Washington County. Pennsylvania and Virginia both recognized claims for farms up to 400 acres on these lands, and land was offered as a reward for military service after the French and Native American War. Thousands of claims were filed.
The Buffalo Creek valley, similar to the rest of western Washington County, was devoid of mountains. However, it was rugged, hilly, and uneven with deeply forested valleys and irregular uplands that had the potential to be highly fertile and productive. Early settlers were faced with the challenge that this wilderness presented, as well as the challenge facing the native peoples that had been pushed into the area. The first records of settlers on Buffalo Creek were in 1770 and 1771. Mr. James Caldwell is recorded as one of the earliest settlers.[ Most settlers were of English or Scotch-Irish decent,] with names like McGurie, Carpenter, Williamson, Smith, Taylor, Wells, Carlson, and Doddridge. .

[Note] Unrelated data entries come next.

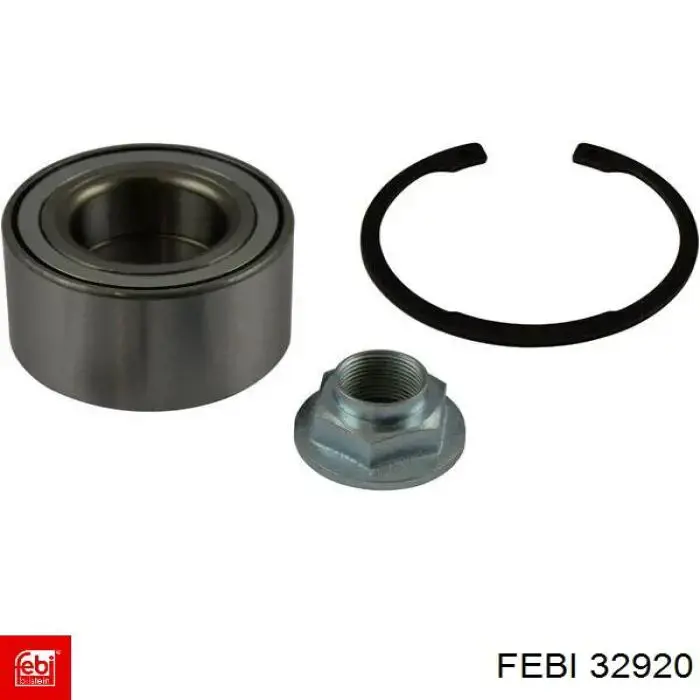 Rodamiento de rueda delantero Febi 32920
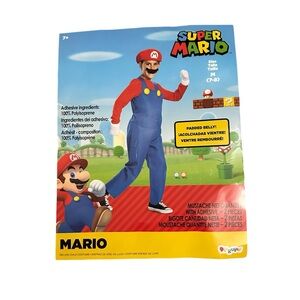 Nintendo Super Mario Boys Red Blue Mario Costume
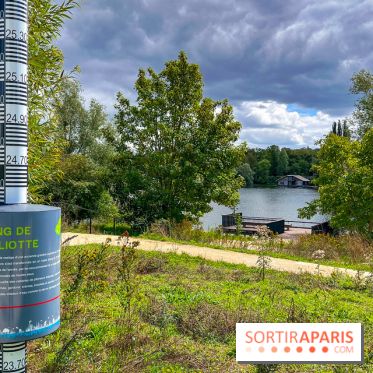 L'étang de la Galiotte dans le parc du Peuple de l'Herbe - Carrières-sous-Poissy (Yvelines) - image00040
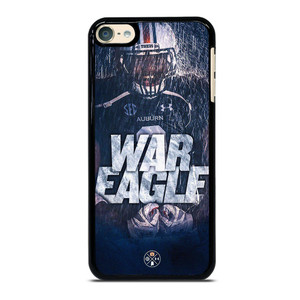 AUBURN TIGERS WAR EAGLE TARVARISH DAWSON iPod 6 Case Cover AUBURN TIGERS WAR EAGLE TARVARISH DAWSON iPod 6 Case Cover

During the Revolutionary War (1775-1783), Washington County (known as part of Westmoreland County until 1781), was one of the most exposed areas of frontier. The closest regular continental troops were at Fort Pitt (Pittsburgh), Fort McIntosh (Beaver), Fort Henry (Wheeling, WV), or Holiday’s Cove (present day Weirton, WV). The settlers were compelled to defend themselves from attacks by British- allied Native Americans from across the Ohio River. Present day Washington County had approximately 40 frontier forts, making it one of the most heavily fortified counties in United States history. Most of these consisted of a “blockhouse” or some kind of fortified house. Of these 40 forts, at least eight were located in the Buffalo Creek watershed. These include Wolff, Stricker, Taylor, Williamson, Lamb, River, Miller, and Doddridge forts. Teeter’s Fort in Independence Township and Reynold’s Fort in Cross Creek Township were located near the watershed’s northern boundary.